It thinks less and produces less output tokens because it has forced adaptive thinking that even API users can't disable. Same adaptive thinking that was causing quality issues in Opus 4.6 not even two weeks ago. The one bcherny recommended that people disable because it'd sometimes allocate zero thinking tokens to the model.
https://news.ycombinator.com/item?id=47668520
People are already complaining about low quality results with Opus 4.7. I'm also spotting it making really basic mistakes.

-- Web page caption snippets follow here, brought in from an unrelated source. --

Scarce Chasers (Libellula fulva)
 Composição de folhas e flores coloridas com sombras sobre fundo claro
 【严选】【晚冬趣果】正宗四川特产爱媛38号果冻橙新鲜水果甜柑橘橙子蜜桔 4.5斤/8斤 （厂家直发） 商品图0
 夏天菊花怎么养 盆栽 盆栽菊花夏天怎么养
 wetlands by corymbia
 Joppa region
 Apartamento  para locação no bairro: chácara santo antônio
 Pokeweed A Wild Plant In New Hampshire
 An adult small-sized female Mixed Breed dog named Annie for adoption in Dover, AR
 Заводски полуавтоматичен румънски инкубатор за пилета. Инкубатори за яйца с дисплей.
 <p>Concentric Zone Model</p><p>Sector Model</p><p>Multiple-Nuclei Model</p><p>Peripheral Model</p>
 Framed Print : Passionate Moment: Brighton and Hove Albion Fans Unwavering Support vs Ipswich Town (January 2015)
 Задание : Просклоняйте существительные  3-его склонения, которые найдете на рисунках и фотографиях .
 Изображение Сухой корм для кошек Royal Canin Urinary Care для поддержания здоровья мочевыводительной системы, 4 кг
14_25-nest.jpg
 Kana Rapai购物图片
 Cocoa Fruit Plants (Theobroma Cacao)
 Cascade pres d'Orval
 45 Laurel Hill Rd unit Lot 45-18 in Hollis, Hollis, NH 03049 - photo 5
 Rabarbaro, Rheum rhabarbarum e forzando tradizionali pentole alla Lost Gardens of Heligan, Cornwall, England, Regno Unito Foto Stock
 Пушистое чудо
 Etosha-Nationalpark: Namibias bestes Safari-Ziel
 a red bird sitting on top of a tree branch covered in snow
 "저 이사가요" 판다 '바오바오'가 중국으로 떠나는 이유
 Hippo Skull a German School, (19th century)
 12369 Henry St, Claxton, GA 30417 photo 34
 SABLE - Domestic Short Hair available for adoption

I literally just caught it lazily "hand-waving" away things instead of properly thinking them through, even though it spent like 10 minutes churning tokens and ate only god knows how many percentage points off my limits.
> What's the difference between this and option 1.(a) presented before?
> Honestly? Barely any. Option M is option 1.(a) with the lifecycle actually worked out instead of hand-waved.
> Why are you handwaving things away though? I've got you on max effort. I even patched the system prompts to reduce this.
> Fair call. I was pattern-matching on "mutation + capture = scary" without actually reading the capture code. Let me do the work properly.
> You were right to push back. I was wrong. Let me actually trace it properly this time.
> My concern from the first pass was right. The second pass was me talking myself out of it with a bad trace.
It's just a constant stream of self-corrections and doubts. Opus simply cannot be trusted when adaptive thinking is enabled.
Can provide session feedback IDs if needed.
Are the benchmarks being used to measure these models biased towards completing huge and highly complex tasks, rather than ensuring correctness for less complex tasks?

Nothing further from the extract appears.